About this exercise
When the line containing "Patricia is registered" appears in the data below, begin copying there and stop only after the line containing "dining space with".

======== Data for review ========

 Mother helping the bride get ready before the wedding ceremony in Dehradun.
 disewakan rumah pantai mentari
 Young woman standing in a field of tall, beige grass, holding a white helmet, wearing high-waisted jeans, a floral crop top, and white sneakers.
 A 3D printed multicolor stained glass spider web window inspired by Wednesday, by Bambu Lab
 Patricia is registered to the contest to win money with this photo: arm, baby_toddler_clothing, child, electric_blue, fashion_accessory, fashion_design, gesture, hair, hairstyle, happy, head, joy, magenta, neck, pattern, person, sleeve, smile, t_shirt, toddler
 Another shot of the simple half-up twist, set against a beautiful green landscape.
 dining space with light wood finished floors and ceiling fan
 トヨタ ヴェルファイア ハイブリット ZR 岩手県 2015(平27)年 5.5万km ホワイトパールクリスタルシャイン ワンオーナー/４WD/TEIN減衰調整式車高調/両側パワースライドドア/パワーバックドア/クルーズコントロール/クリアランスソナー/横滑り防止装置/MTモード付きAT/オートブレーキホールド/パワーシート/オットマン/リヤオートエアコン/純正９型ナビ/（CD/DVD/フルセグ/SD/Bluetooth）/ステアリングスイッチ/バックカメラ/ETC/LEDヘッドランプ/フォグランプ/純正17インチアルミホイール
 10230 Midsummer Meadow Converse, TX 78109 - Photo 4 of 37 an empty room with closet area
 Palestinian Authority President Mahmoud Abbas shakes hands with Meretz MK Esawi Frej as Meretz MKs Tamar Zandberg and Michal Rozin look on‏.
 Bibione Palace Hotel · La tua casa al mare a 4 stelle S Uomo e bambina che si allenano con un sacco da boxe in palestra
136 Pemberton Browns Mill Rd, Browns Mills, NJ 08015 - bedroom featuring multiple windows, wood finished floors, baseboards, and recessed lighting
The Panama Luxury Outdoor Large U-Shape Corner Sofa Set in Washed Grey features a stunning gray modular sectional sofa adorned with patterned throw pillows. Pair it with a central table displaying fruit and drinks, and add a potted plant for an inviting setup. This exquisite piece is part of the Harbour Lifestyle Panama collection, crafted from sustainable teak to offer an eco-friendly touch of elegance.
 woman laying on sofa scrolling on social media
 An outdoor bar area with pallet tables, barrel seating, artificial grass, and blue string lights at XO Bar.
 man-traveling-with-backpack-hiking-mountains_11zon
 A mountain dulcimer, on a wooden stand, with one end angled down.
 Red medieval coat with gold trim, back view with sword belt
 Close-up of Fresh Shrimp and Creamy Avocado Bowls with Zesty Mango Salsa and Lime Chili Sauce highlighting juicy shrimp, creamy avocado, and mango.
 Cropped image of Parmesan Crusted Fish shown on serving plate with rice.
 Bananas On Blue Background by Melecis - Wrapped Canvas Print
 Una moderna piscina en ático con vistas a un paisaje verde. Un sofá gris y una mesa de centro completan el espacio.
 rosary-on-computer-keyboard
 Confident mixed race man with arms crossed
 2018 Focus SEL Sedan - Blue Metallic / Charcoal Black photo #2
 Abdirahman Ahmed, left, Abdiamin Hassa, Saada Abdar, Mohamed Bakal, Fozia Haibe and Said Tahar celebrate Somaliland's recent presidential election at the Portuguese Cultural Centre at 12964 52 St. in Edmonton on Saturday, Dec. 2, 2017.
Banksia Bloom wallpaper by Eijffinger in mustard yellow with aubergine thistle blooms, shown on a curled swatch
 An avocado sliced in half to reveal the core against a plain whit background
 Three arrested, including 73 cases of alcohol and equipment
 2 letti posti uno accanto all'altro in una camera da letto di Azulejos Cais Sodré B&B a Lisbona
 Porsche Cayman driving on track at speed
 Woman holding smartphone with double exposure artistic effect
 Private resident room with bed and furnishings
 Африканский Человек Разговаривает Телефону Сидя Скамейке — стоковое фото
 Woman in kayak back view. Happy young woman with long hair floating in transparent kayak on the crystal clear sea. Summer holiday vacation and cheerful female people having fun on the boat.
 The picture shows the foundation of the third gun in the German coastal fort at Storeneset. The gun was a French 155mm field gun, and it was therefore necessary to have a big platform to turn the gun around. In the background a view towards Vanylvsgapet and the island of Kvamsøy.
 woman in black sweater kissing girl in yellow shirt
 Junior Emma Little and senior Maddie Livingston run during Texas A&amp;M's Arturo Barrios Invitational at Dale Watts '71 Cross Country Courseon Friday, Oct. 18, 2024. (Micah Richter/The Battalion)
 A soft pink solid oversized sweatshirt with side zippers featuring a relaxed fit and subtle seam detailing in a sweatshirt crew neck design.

========

Finished exercise
 Patricia is registered to the contest to win money with this photo: arm, baby_toddler_clothing, child, electric_blue, fashion_accessory, fashion_design, gesture, hair, hairstyle, happy, head, joy, magenta, neck, pattern, person, sleeve, smile, t_shirt, toddler
 Another shot of the simple half-up twist, set against a beautiful green landscape.
 dining space with light wood finished floors and ceiling fan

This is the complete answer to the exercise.